→ Your task:
For the material below, reproduce exactly each line from the one that has "Athleta Zephyr Refined" through the one that has "Boyfriend said another", and no others; pictures stay out.

→ Given data:
——————
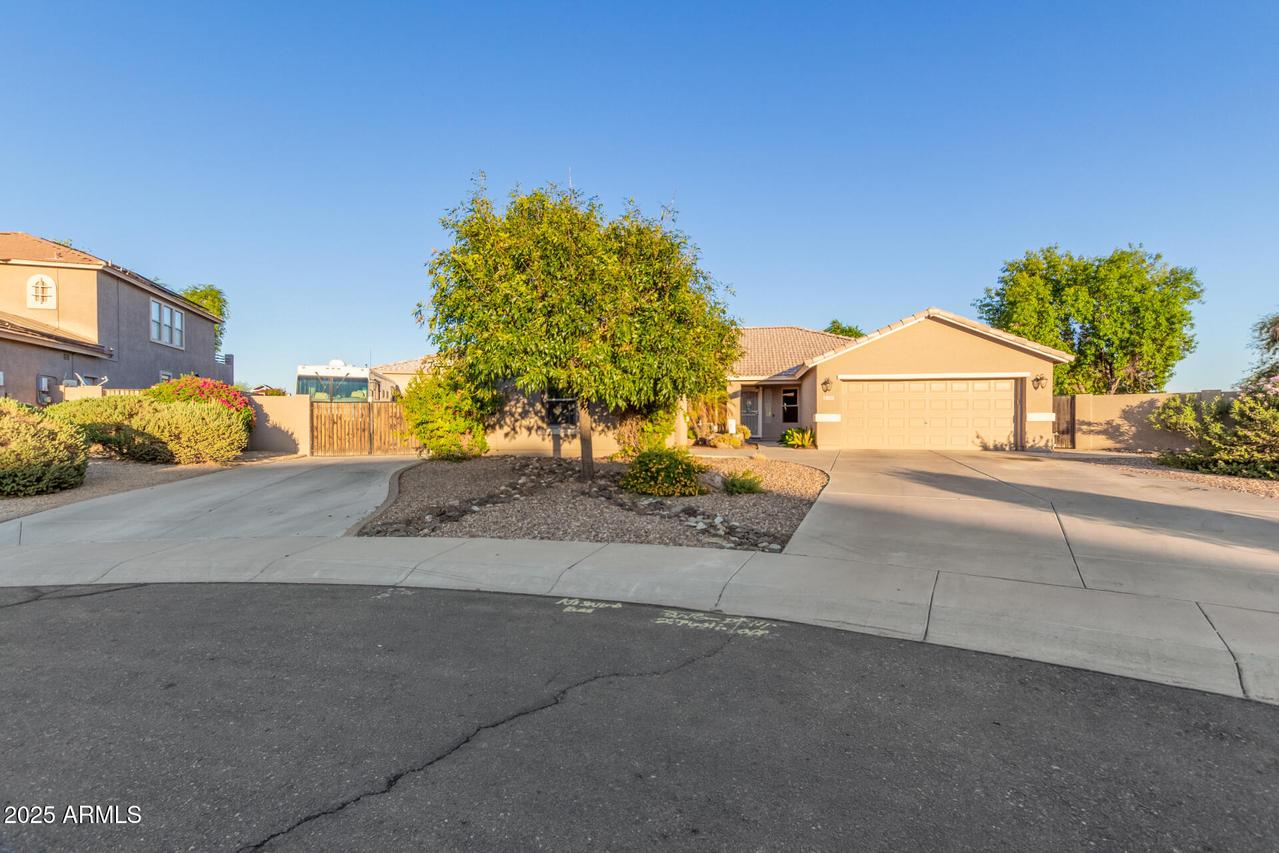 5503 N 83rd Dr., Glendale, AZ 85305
——————
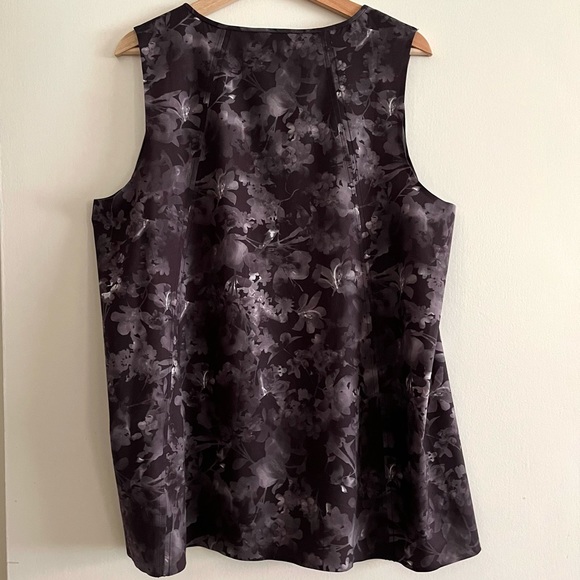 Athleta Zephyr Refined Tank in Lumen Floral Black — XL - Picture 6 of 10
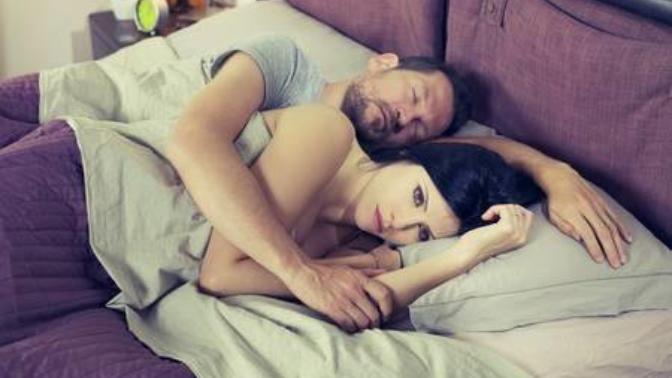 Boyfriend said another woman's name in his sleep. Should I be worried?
——————
→ Response:
 Athleta Zephyr Refined Tank in Lumen Floral Black — XL - Picture 6 of 10
 Boyfriend said another woman's name in his sleep. Should I be worried?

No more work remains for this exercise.